Monday, November 12, 2018

1980 Pontiac Bonneville - Stuff of Dreams


The Bonneville Salt Flats are a 30,000 acre stretch of hard, white salt crust on the western edge of the Great Salt Lake in north western Utah. Covering approximately 46 square miles, they're named after U.S. Army officer Benjamin Bonneville who explored the area in the 1830's. Each summer on the flats, amateur and professional race teams compete for land speed records in a wide variety of different vehicles. Why the now defunct Pontiac Motor Division of General Motors felt compelled to rivet or glue "Bonneville" to a series of vehicles that were neither extraordinarily fast or in need of additional seasoning is a question we'll never get a complete answer to. Nonetheless, between 1958 and 2005 Pontiac did. Our fairly handsome albeit far from fast or sporty subject here is a 1980 Bonneville coupe.

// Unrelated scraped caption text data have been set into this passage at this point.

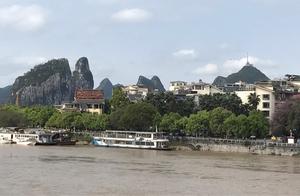 Rolling Li River Eastward Flowing - Observation of Flood Stage Suspension of Cruises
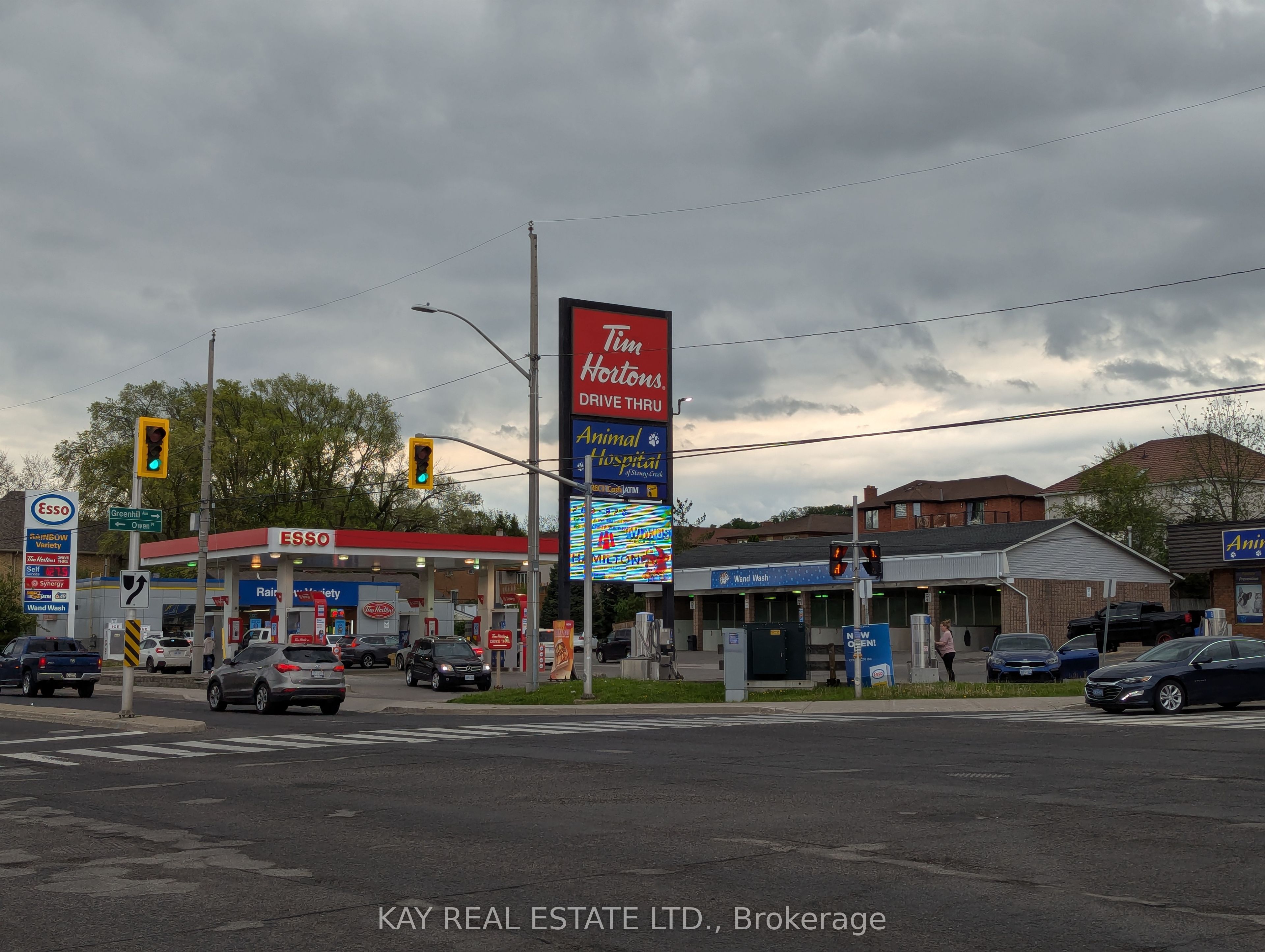 2787 King Street Property Photo 7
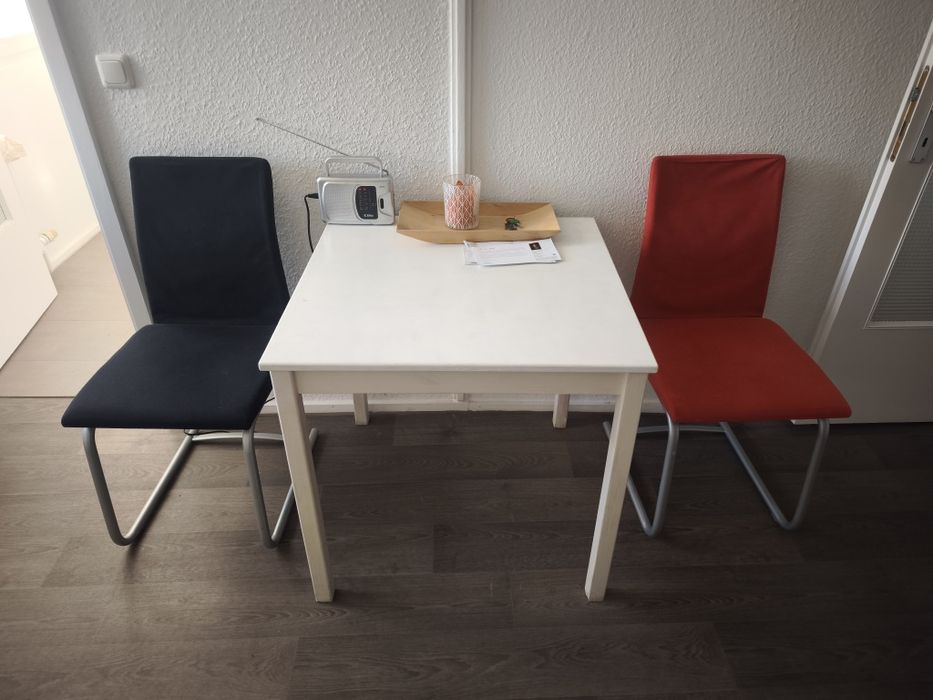 Stół dwa krzesła możliwy transport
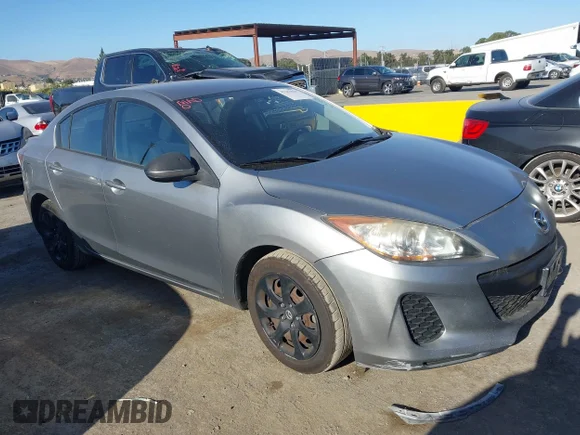 ✅ 2013 Mazda 3 i SV • VIN: JM1BL1TG2D1777195 • Lot: 45263036. Wystawiony na IAAI z przebiegiem 105 240 mil. Bezpłatny archiwum sprzedaży aukcyjnych z USA i szczegółowy raport historii pojazdu na DreamBid. Zdjęcie 1.
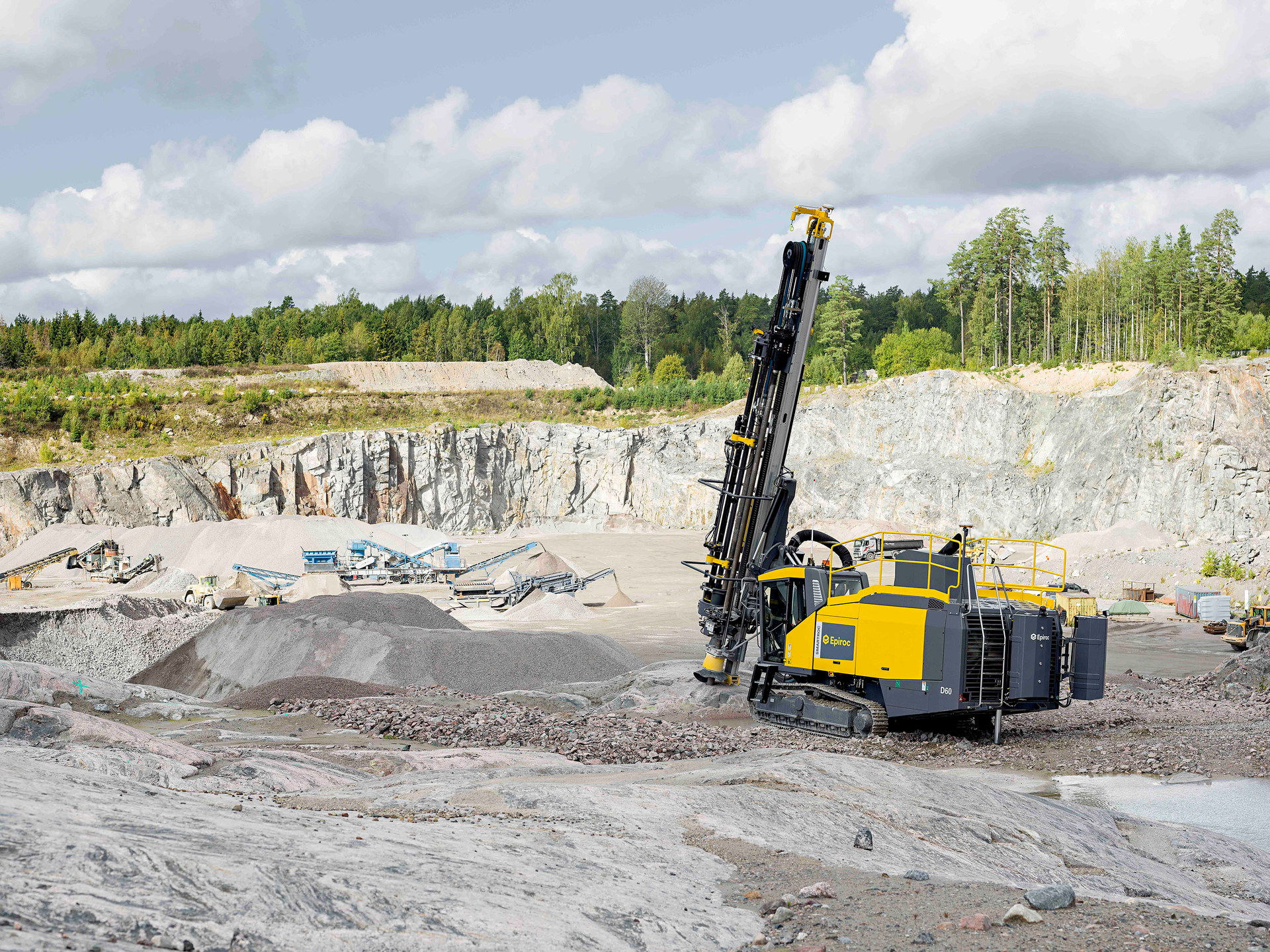 Intelligent Hydraulic Systems Enhance Machine Connectivity And ...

What's in a name? Nothing, really; especially when dealing with automobiles. After all how many vehicles actually live up to what their named after? Pontiac's various Bonneville's were hardly the stuff of land speed records but over the years the nameplate became as synonymous if not more so with a Pontiac than it did being associated with a curious stretch of flatness so big you can actually see the curvature of the earth at a distance.


The Bonneville's position on Pontiac's totem pole was as ponderous as a starting NFL quarterback's job security. From stater to being benched, back and forth, downgraded an ultimately forgotten about, going on a decade since GM's massive reorganization that led to the entire Pontiac division's ouster, our 1980 Bonneville here here is just another vestige of the old General Motors. That being an unwieldy corporate giant that was comprised of five automobile divisions that all mass produced essentially the same cars with nuanced styling differences.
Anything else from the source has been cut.